If you have access to a physical machine with no virtualization, and you are able to get root access, you can use performance counters to tell things like how many cache misses you suffered, how many misalignment penalties, and so forth. There are a few libraries that make use of these performance counters, including the Linux perf system and likwid (Like I Know What I’m Doing). There are also some very nice commercial packages like the Intel Parallel Studio (big chunks are available gratis in educational settings).

Unfortunately, the virtualization on the Google Compute Engine is set up not to share the hardware performance counters. I believe this is because it is considered a security risk; nonetheless, it’s annoying for fine-grain profiling work.

You should feel free to install these tools on your own systems, but we are going to assume they are off-limits for the rest of this walkthrough.

Google PerfTools

The Google PerfTools package (previously known as gperftools) is a simple sampling profiler. It works pretty well, but you have to know how to use it. To run the profiler, you have to run the code with the profiling library. This generates a profiling output file that you can look at with the viewer tool.

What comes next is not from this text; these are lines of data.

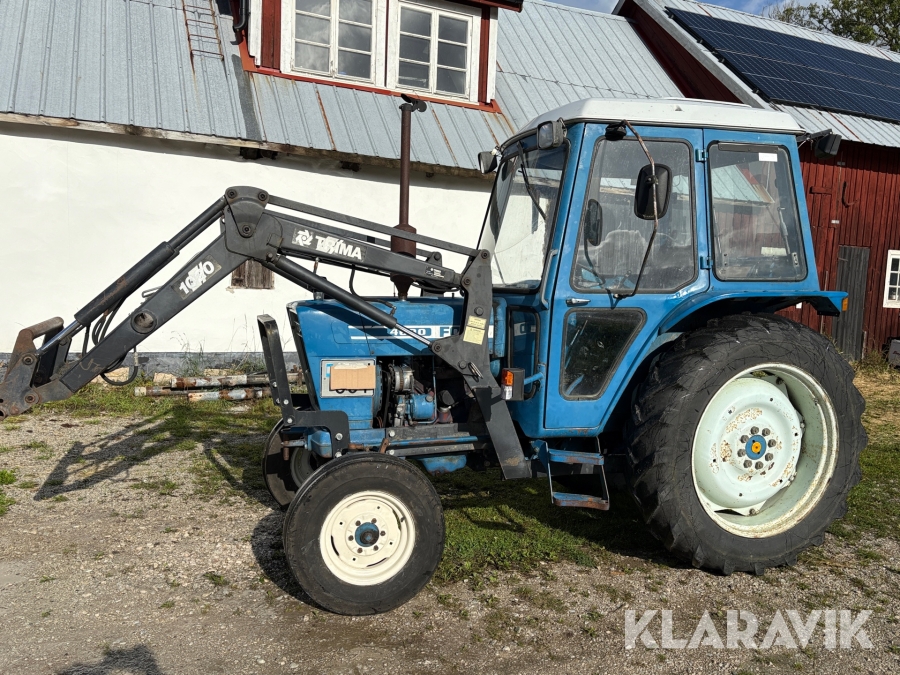 Traktor Ford 4600 med lastare & redskap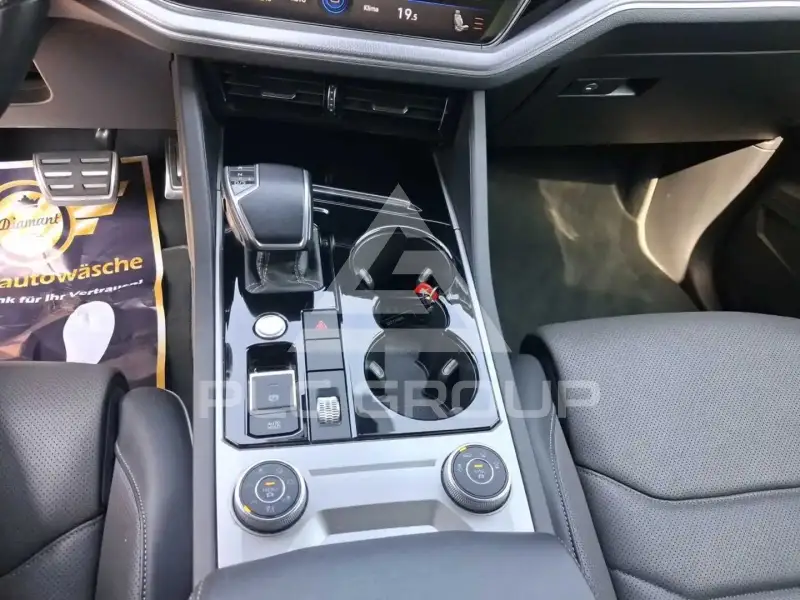 2021 Volkswagen Touareg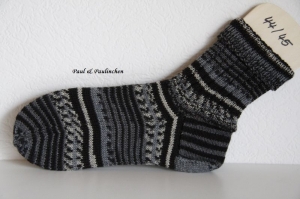 Socken handgestrickt, Größe 44/45, Artikel 4398 Fb.: schwarz/grau bei Paul & Paulinchen       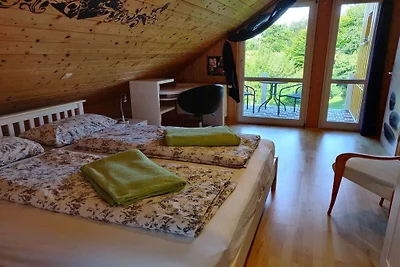 Holzhaus mit großem Garten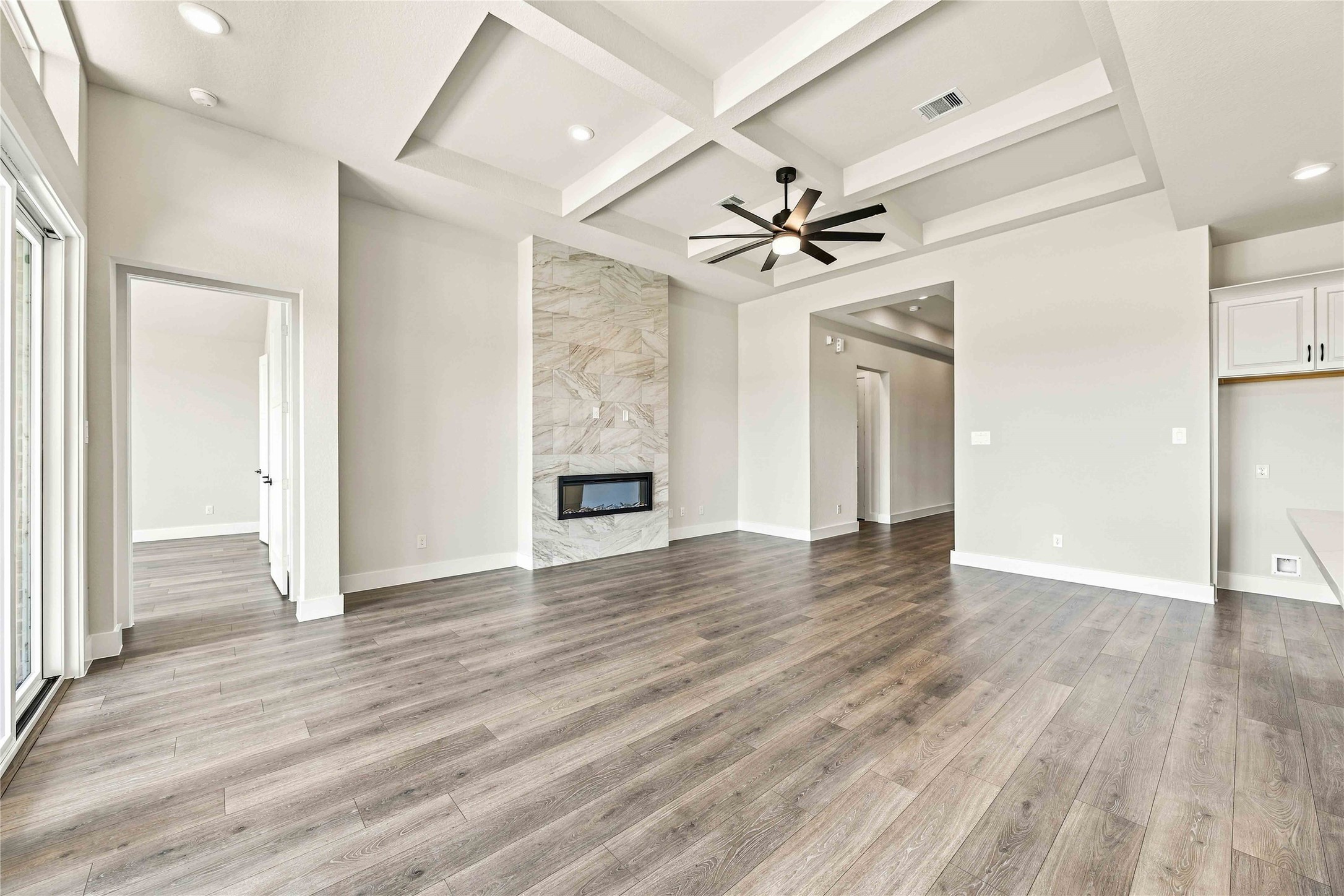 11303 Southwood Drive Property Photo 6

Using our centroid demo as an example, we the following line to collect the profiling information

  CPUPROFILE=/tmp/profile \
    LD_PRELOAD=/usr/lib/x86_64-linux-gnu/libprofiler.so.0 \
    ./centroid.x

Yes, it’s a bit of a mouthful. The LD_PRELOAD variable tells the linker that we want to include the profiling library, and CPUPROFILE is the name of the file that we want to write data into. We don’t need to do anything at compile time to make this work; it is all at run time.

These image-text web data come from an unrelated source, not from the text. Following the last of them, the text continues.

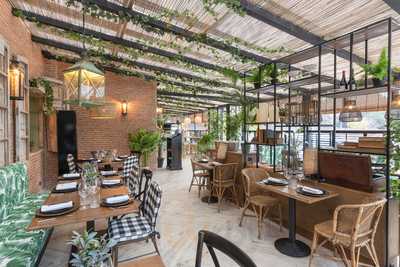 Donde Mónica - La Moraleja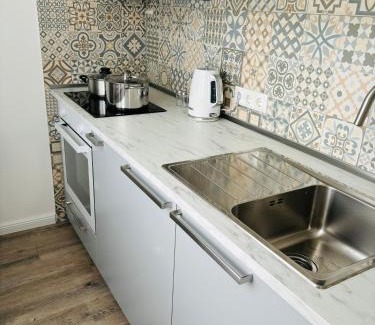 Stadtmitte/Neustadt Apartamento | Grothes City Apartment am Rathaus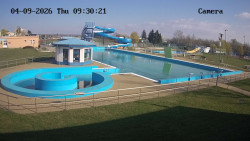 Hlavní bazén, divoká řeka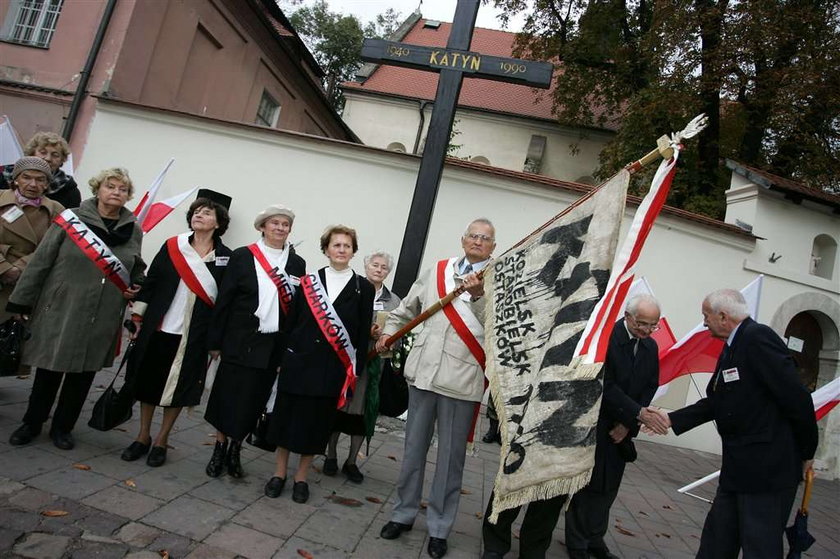 Rodziny katyńskie nie chcą ugody z Rosją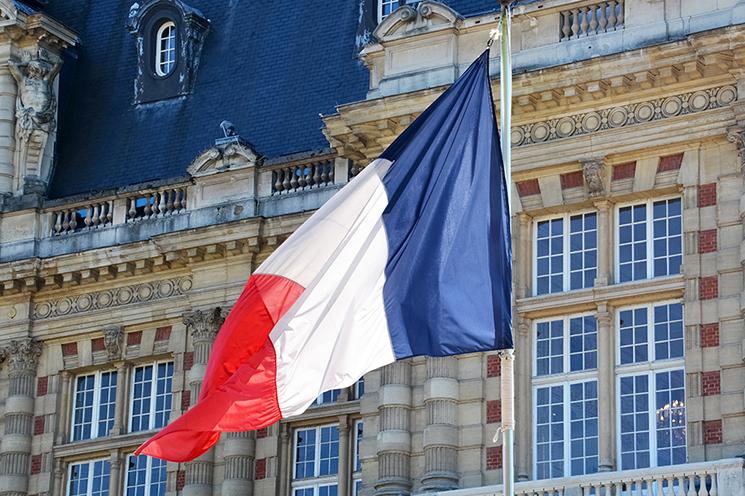drapeau francais pour les resulatst de l'élection presidentielle
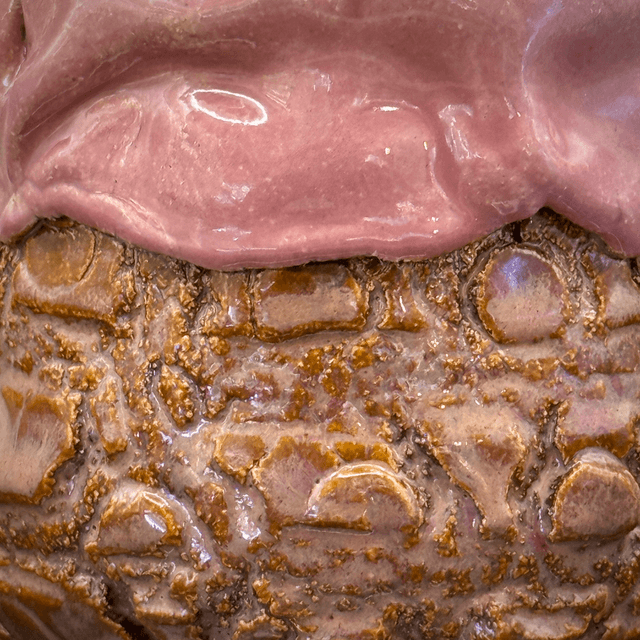 Cracks and silk pink crackpot
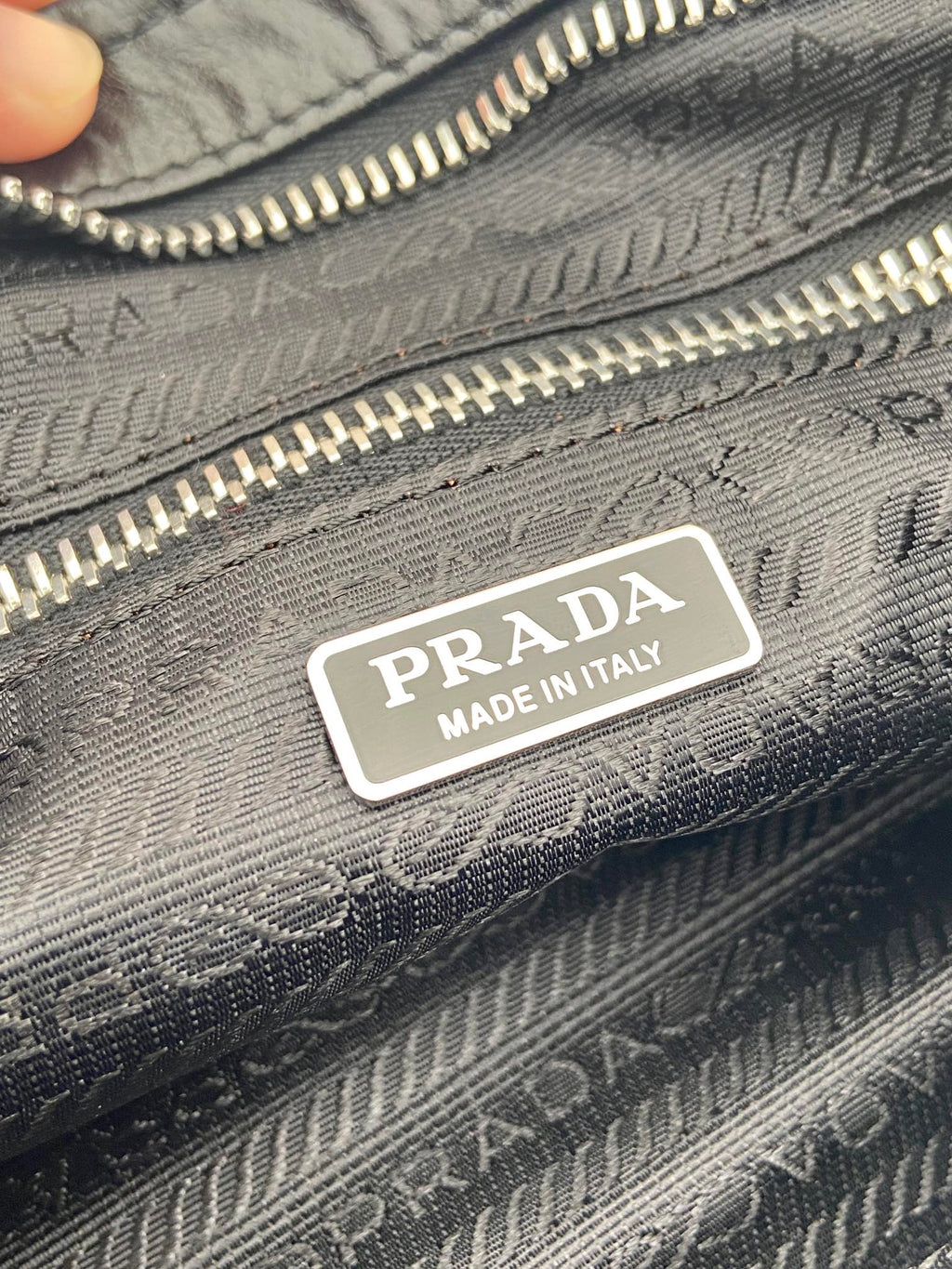 Prada 1BA426 Medium leather handbag Black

Once we have run the profile, we have to take a look at the output. We will do this with the profile viewer

  google-pprof ./centroid.x /tmp/profile

Details of viewer subcommands are listed). You will typically want to compile with debugging symbols (-g) in order to get the most insight possible out of this exercise.

An old favorite: gprof

An alternate way to collect profiling information is by compiling your code with the -pg flag in GCC. Once this is done, any run will produce a data file called gmon.out, which you can then view with the gprof profiler.

  gprof ./centroid.x

This shows a summary of the time spent in various functions. Note that if you use the default GCC version and stay with optimization level O2, some of the functions (particularly centroid1 and centroid3) are likely to be inlined on your behalf. This is a fine optimization, but it’s awful for understanding a profile.

It’s good to know about gprof, but we will find that we are somewhat limited in our ability to use it this semester, as it is not thread-safe.

Cachegrind

The valgrind program is really a suite of different tools that dynamically instrument a code and run it in partial simulation in order to figure out things about it. Maybe the most well-known of the valgrind tools is the memory checker, but you can also try using cachegrind to reason about potential cache issues in your code. However, cachegrind works by emulating a CPU and associated caches, and this is excruciatingly slow. It’s fine for timing short things that will be run a number of times, but it would kill us on a long run.

LLVM Machine Code Analyzer

If we want to dig a bit deeper, the LLVM Machine Code Analyzer (llvm-mca) can help us understand where the code that we’ve written actually is able to make good use of machine resources. The llvm-mca program runs a static analysis on the assembly code coming out from our favorite compiler (GCC or CLang) and tells us where we are going to have bad latencies and low throughputs.

Unfortunatey, this is pretty indecipherable stuff, at least at first! If you decide to play around with this at all, you will probably want to look at only a small segment of your code.

Above and beyond

The tools described above all tell us some variant of how long we are spending in one part of the code or another, potentially along with some auxiliary information about cache misses or empty pipeline cycles. This is notably not the same as knowing what changes will actually help us achieve good performance! One of the cooler pieces of profiling work that I’ve seen in the past few years addresses exactly that. The coz profiler out of UMass Amherst runs a “what if” experiment for each line of code of interest, asking “what would happen if this line took some percentage less time?” This helps us figure out which part of our code is most likely to really matter to the program performance.

Because coz is a Debian package, we only need one line to install it and start playing around:

  sudo apt-get install coz-profiler

The paper is worth reading, by the way. Or, if you don’t want to read the paper, the talk video is also pretty good.